[Opening MATERIAL FOR THIS TASK section]
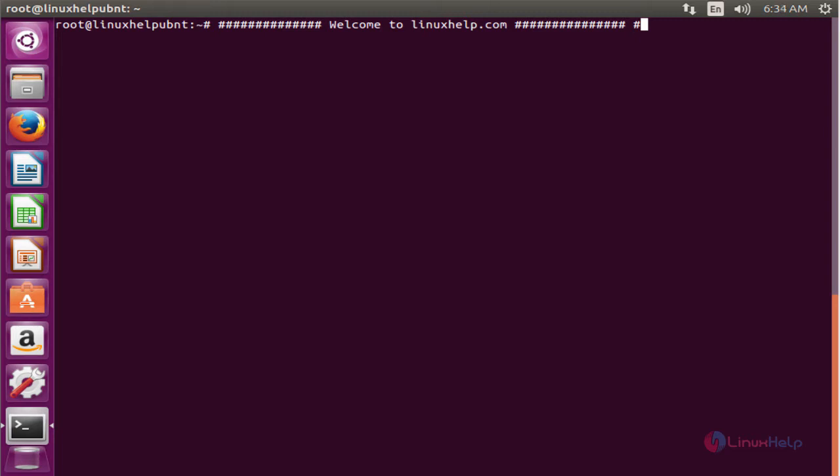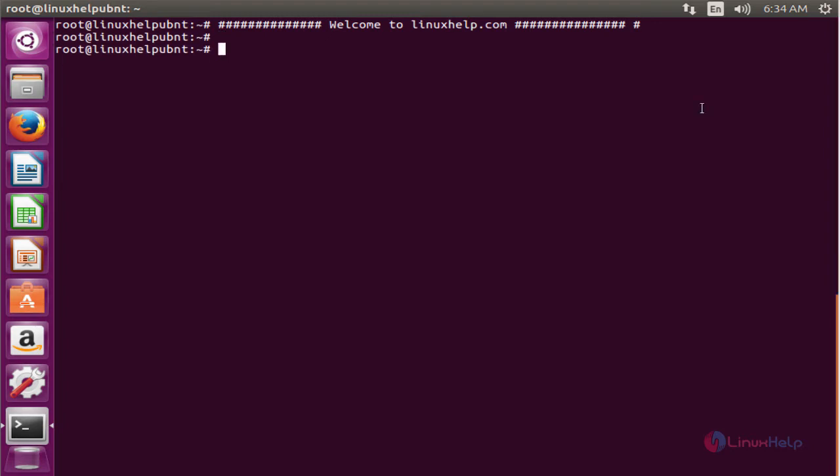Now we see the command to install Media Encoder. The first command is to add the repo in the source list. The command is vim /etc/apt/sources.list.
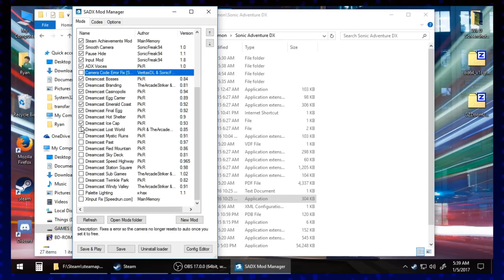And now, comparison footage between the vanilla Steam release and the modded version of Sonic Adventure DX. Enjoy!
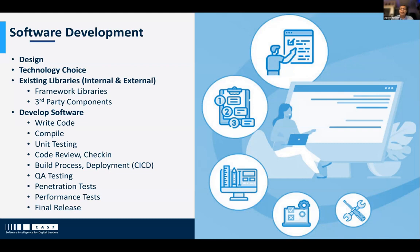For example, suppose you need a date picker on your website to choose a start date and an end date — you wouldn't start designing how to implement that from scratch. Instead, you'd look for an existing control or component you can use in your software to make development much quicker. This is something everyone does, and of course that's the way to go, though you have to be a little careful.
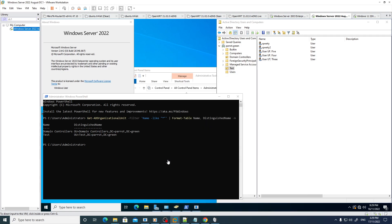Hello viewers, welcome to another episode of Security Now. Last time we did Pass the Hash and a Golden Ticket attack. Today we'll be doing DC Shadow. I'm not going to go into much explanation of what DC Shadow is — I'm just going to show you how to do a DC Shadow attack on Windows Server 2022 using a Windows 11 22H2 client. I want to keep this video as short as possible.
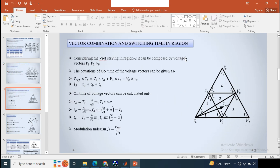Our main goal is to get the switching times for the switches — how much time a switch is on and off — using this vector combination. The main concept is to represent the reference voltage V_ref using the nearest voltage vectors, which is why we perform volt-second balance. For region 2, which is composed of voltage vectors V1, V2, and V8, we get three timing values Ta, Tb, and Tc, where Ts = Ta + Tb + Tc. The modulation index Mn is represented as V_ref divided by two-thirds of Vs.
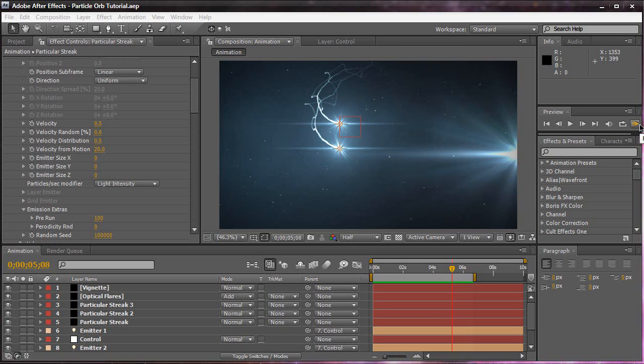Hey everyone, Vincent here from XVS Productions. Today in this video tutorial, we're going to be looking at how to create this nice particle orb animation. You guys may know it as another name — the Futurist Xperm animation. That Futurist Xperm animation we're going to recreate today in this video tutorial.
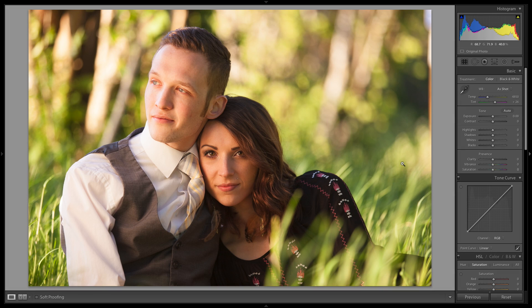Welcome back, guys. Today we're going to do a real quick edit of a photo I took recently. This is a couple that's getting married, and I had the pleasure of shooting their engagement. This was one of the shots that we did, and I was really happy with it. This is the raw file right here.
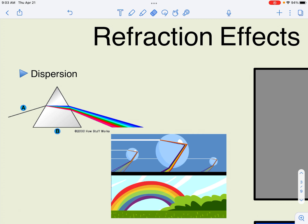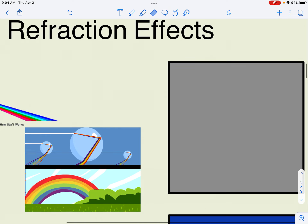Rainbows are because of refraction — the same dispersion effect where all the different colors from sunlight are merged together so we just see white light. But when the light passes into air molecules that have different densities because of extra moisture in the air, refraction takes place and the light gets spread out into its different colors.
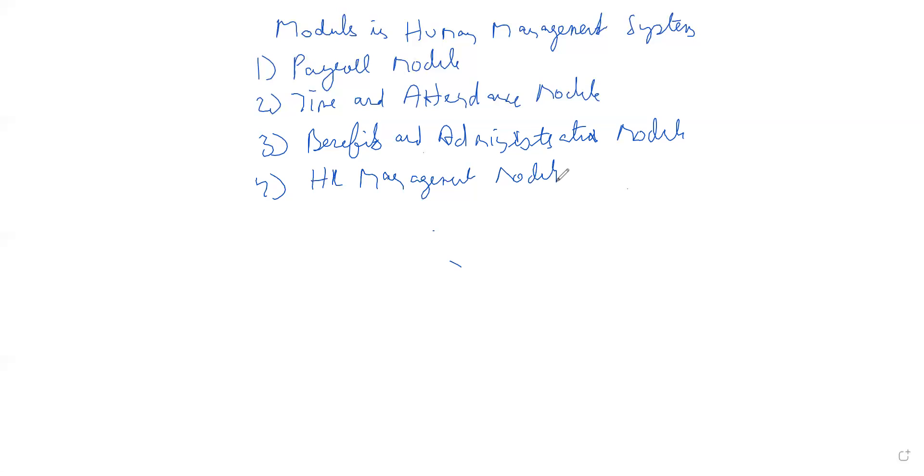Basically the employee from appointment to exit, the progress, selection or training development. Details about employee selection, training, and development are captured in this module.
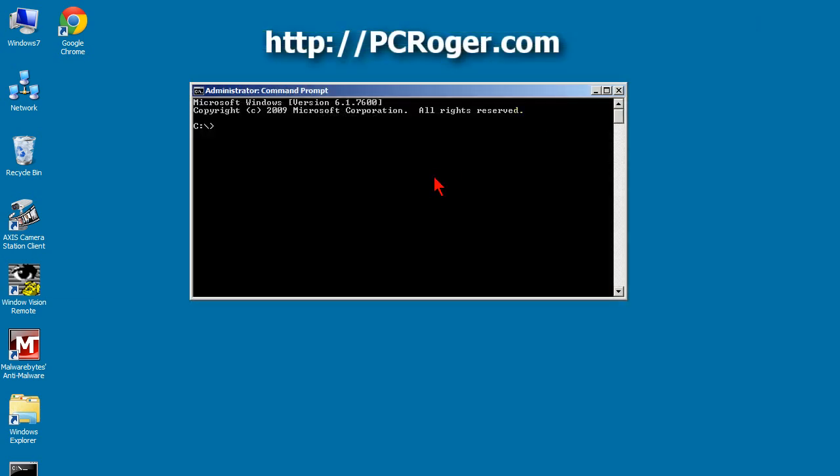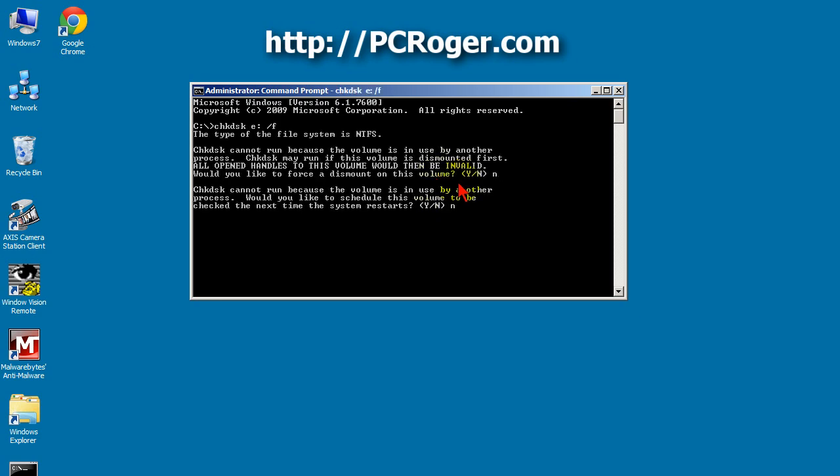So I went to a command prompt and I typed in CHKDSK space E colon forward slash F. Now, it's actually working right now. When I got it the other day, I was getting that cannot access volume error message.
[Closing MATERIAL FOR THIS TASK section]
» WHAT YOU HAVE TO DO: "Our main goal" marks the first line to copy, and "Hey everyone, Vincent" marks the last. Repeat that stretch above exactly, with no pictures.

» SOLUTION FOR THIS PROBLEM:
Our main goal is to get the switching times for the switches — how much time a switch is on and off — using this vector combination. The main concept is to represent the reference voltage V_ref using the nearest voltage vectors, which is why we perform volt-second balance. For region 2, which is composed of voltage vectors V1, V2, and V8, we get three timing values Ta, Tb, and Tc, where Ts = Ta + Tb + Tc. The modulation index Mn is represented as V_ref divided by two-thirds of Vs.
Hey everyone, Vincent here from XVS Productions. Today in this video tutorial, we're going to be looking at how to create this nice particle orb animation. You guys may know it as another name — the Futurist Xperm animation. That Futurist Xperm animation we're going to recreate today in this video tutorial.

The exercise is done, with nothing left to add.